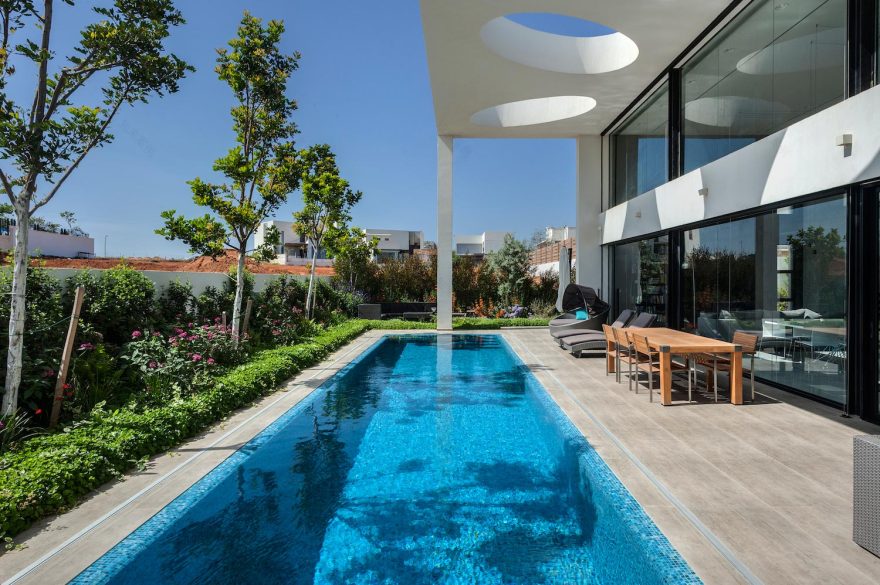 A mix of opposing colors that create contrast and drama among the volumes by Hila and Dan Israelevitz CAANdesign Architecture and home design blog-6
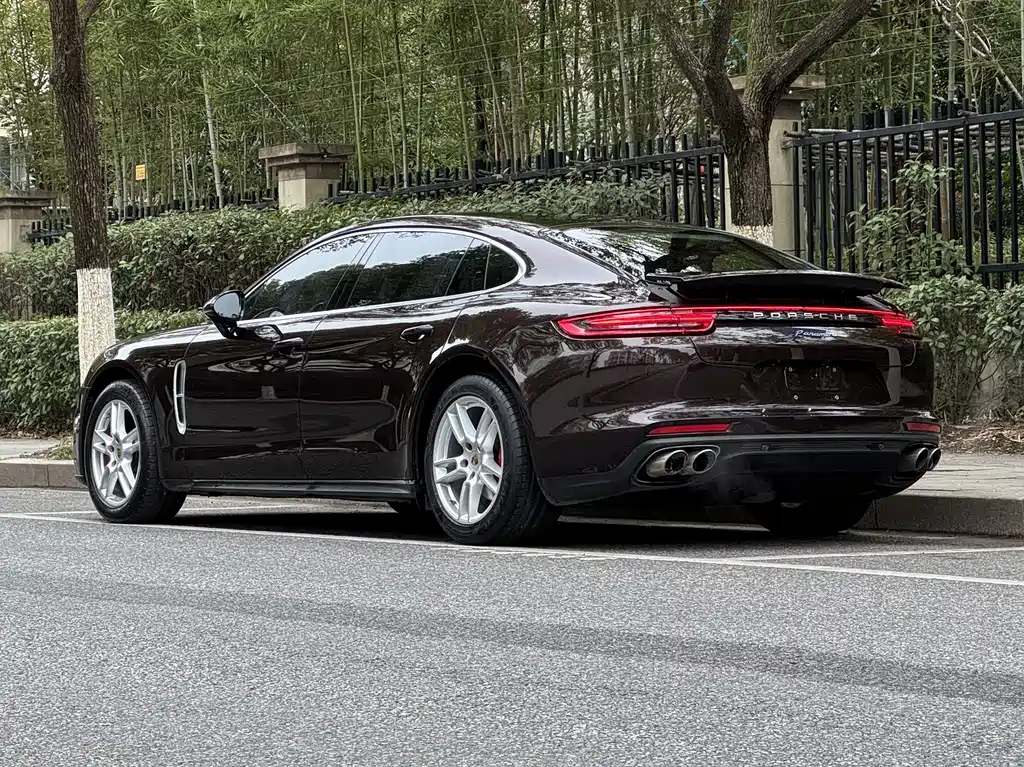 Porsche Panamera 2018 — фото 4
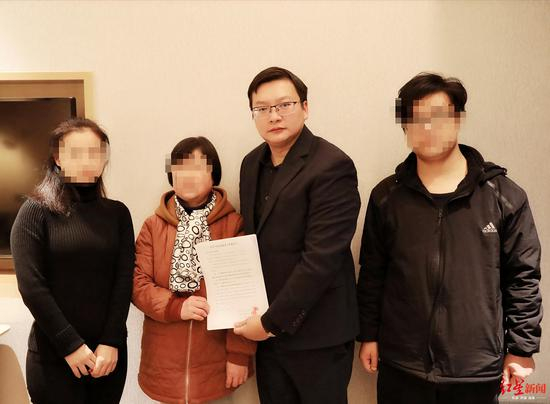 ↑周兆成律师和家属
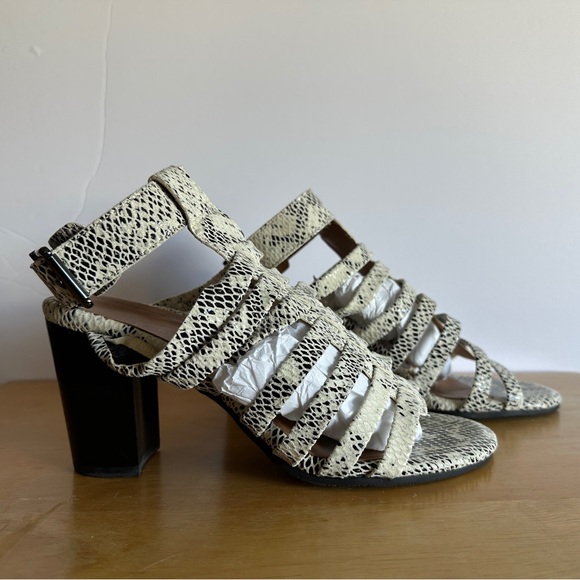 NWOT Vionic size 6.5 - Women's Black and White Strappy Sandals - Picture 5 of 8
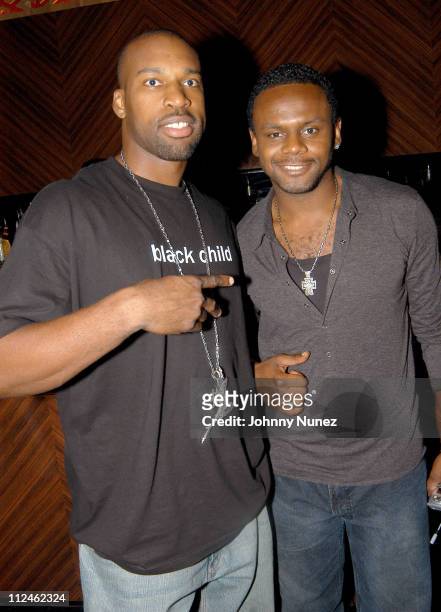 Baron Davis of the New Orleans Hornets and Carl Thomas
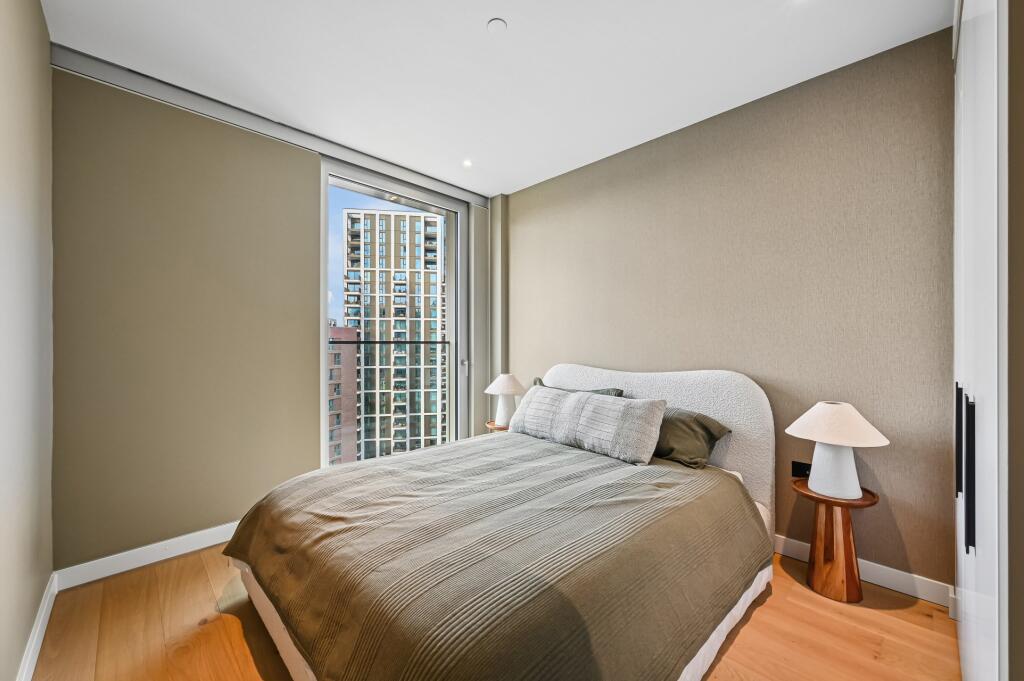 Apartment in London - More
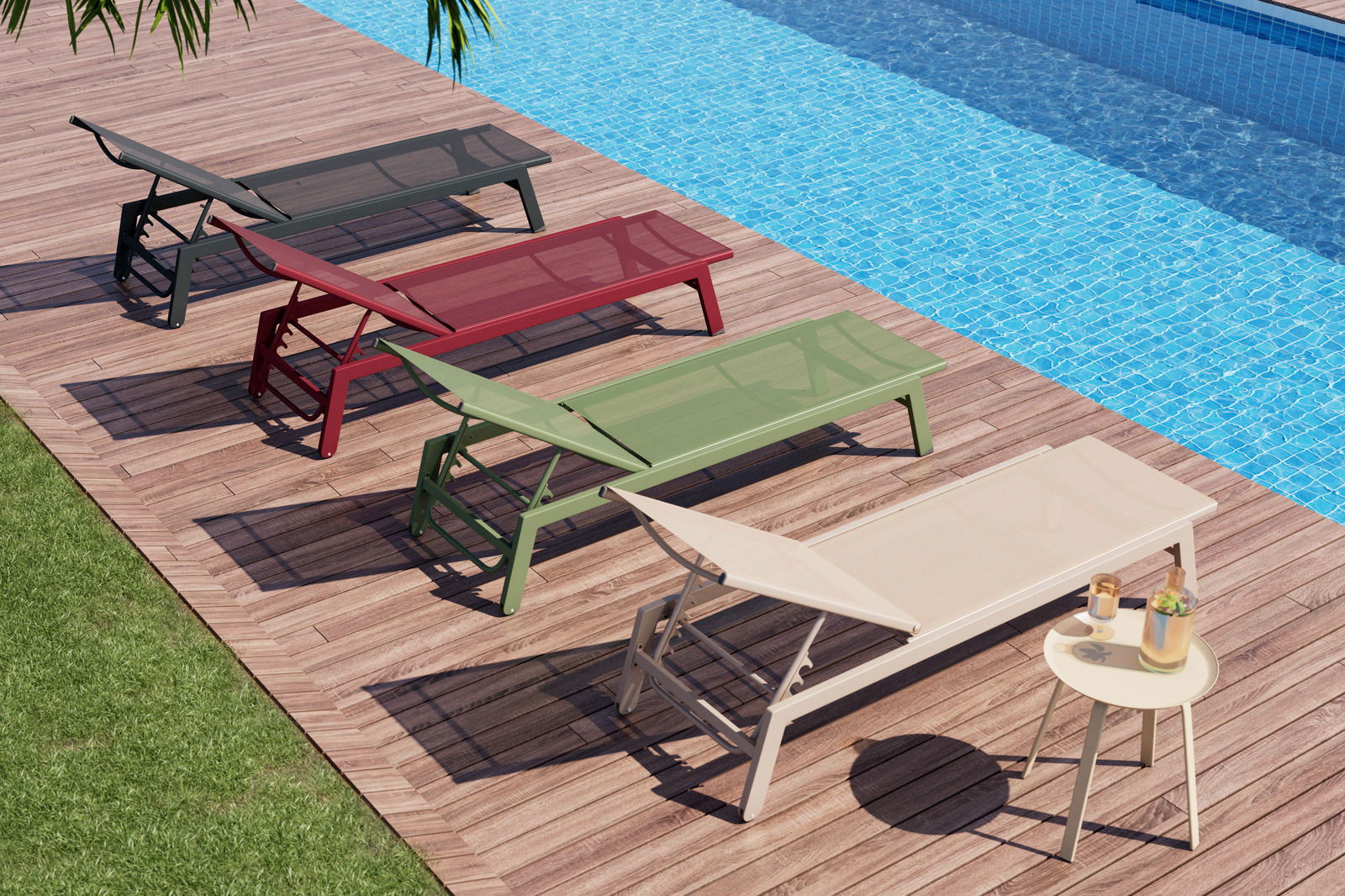 Beistelltisch in Cremefarbe neben vier Sonnenliegen in verschiedenen Farben, auf einer Holzterrasse am Pool, aus der Vogelperspektive.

━━━━━━━━━━━━━━━━━━━━

*Work to complete*:
Copy each line above exactly. Images do not belong in the copy.

*Answer to the exercise*:
 A mix of opposing colors that create contrast and drama among the volumes by Hila and Dan Israelevitz CAANdesign Architecture and home design blog-6
 Porsche Panamera 2018 — фото 4
 ↑周兆成律师和家属
 NWOT Vionic size 6.5 - Women's Black and White Strappy Sandals - Picture 5 of 8
 Baron Davis of the New Orleans Hornets and Carl Thomas
 Apartment in London - More
 Beistelltisch in Cremefarbe neben vier Sonnenliegen in verschiedenen Farben, auf einer Holzterrasse am Pool, aus der Vogelperspektive.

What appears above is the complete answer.